This little chip could be a significant boon to signal and image processing. A number of those applications, particularly surveillance radar, sesimic/hydrographic survey, and sensor fusion[1], have signficant data parallelism. Many have multiple independent data streams that must be processed and integrated in real time. With the proper algorithms, an architecture like this is much more efficient than a general-purpose multi-core or multi-machine system.
One of the key limits to these sensors is the data pipe between the various pieces that run the signal processing. This is especially true when one of the hops is over a relatively slow link, such as with an ROV/UAV. The size and weight of this chip would allow more of the signal processing to be embedded on the platform or in the sensor, thus reducing the volume of data passed over the slow link and allowing more information to be sent.

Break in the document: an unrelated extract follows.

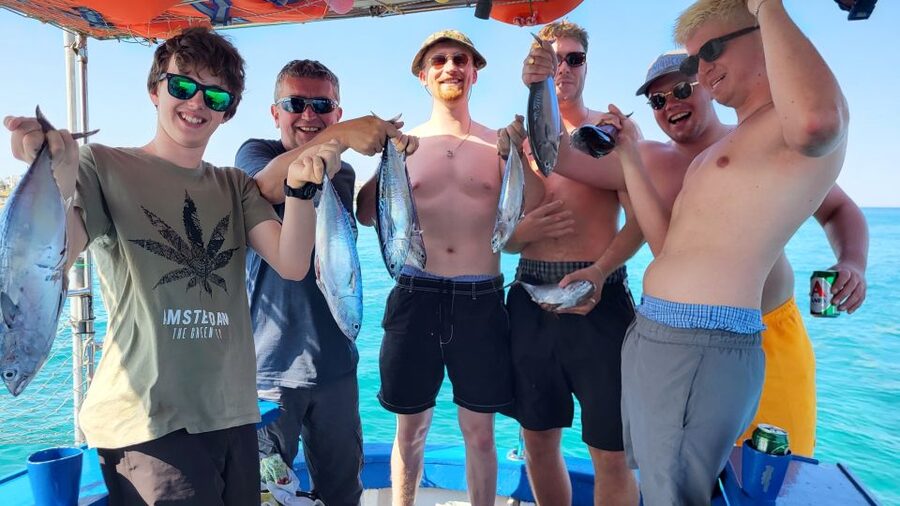 Rhodes: Fishing Trip, Snorkelling, BBQ, & Professional Guide - Leaving Rhodes Town aboard a working wooden boat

It does, of course, require a different programming paradigm to use effectively. Special applications like I have mentioned are worth the extra effort and reduced portability and so will see value in this device. No doubt some other applications mentioned so far (crypto, finance, etc) will also see value in it as well.
[1] I have a strong background in and knowledge of military sensors, and signficant exposure to seismic and hydrographic survey in the oil and gas industry.
1. I don't see a price anywhere in the article. Adepteva plans to sell the 64-core version for $199 and that includes the board.
2. Adepreva plans to open source the hardware and software, does KALRAY?
3. Adepteva have actually built chips. The kickstarter project is to scale up manufacturing to bring down the cost. I think $99 for 16 cores is pretty good.
Still, if the price is right, more is better, so it's worth keeping an eye on.
Has there been any research into running neural networks on DSP architectures? I'd love to try my hand at programming a DSP. Are there any low-cost options for hobbyists?
Keep your eye for TI tech days. They have them in most major cities. Its a series of classes layered with tons of TI advertising. I usually walk out of them learning something.
The reason I bring them up is they usually give out 95% off anything under $500 coupons from their estore. I picked up a nice DSP dev board with one of them not too long ago.
it's a nice science experiment, but parallelization has its limit. there are very few examples of (non mathematical) algorithms that can be parallelized to 256 cores...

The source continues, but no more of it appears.